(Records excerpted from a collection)
=== Section Start ===

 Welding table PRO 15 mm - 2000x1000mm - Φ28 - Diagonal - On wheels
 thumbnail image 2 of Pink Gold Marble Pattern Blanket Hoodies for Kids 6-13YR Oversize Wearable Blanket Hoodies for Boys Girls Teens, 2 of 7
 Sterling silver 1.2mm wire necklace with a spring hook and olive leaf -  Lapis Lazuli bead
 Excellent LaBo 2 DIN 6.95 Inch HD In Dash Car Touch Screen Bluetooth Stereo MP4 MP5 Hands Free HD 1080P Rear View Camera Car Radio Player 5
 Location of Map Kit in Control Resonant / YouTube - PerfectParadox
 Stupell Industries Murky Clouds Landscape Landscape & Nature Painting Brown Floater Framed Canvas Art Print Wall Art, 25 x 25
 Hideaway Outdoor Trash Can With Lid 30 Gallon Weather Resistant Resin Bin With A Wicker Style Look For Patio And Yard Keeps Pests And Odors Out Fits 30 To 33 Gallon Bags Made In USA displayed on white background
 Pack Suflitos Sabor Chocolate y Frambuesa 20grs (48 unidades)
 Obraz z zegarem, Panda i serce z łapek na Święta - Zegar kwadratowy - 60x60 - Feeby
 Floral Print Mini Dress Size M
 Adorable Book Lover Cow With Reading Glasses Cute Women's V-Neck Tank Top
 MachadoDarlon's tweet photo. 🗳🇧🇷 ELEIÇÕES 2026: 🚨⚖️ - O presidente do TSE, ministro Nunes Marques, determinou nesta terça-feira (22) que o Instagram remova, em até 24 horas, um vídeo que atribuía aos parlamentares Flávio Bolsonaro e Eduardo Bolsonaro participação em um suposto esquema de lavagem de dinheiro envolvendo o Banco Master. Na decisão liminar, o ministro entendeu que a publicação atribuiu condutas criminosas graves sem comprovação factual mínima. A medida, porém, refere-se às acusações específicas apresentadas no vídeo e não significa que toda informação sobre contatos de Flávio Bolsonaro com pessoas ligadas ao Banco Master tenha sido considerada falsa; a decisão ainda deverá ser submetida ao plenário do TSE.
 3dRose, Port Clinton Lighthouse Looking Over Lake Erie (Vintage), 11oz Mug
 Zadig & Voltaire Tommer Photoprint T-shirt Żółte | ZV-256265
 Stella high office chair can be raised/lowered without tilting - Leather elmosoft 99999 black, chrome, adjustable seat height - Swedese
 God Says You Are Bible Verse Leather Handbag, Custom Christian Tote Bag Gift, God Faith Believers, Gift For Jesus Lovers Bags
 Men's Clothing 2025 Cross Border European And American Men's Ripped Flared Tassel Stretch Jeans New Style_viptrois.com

=== Section End ===

■ Your task: Lines from the start of the records through the one containing "Stupell Industries Murky" are what should be retyped, exactly and in full, both ends included.

■ Task solution:
 Welding table PRO 15 mm - 2000x1000mm - Φ28 - Diagonal - On wheels
 thumbnail image 2 of Pink Gold Marble Pattern Blanket Hoodies for Kids 6-13YR Oversize Wearable Blanket Hoodies for Boys Girls Teens, 2 of 7
 Sterling silver 1.2mm wire necklace with a spring hook and olive leaf -  Lapis Lazuli bead
 Excellent LaBo 2 DIN 6.95 Inch HD In Dash Car Touch Screen Bluetooth Stereo MP4 MP5 Hands Free HD 1080P Rear View Camera Car Radio Player 5
 Location of Map Kit in Control Resonant / YouTube - PerfectParadox
 Stupell Industries Murky Clouds Landscape Landscape & Nature Painting Brown Floater Framed Canvas Art Print Wall Art, 25 x 25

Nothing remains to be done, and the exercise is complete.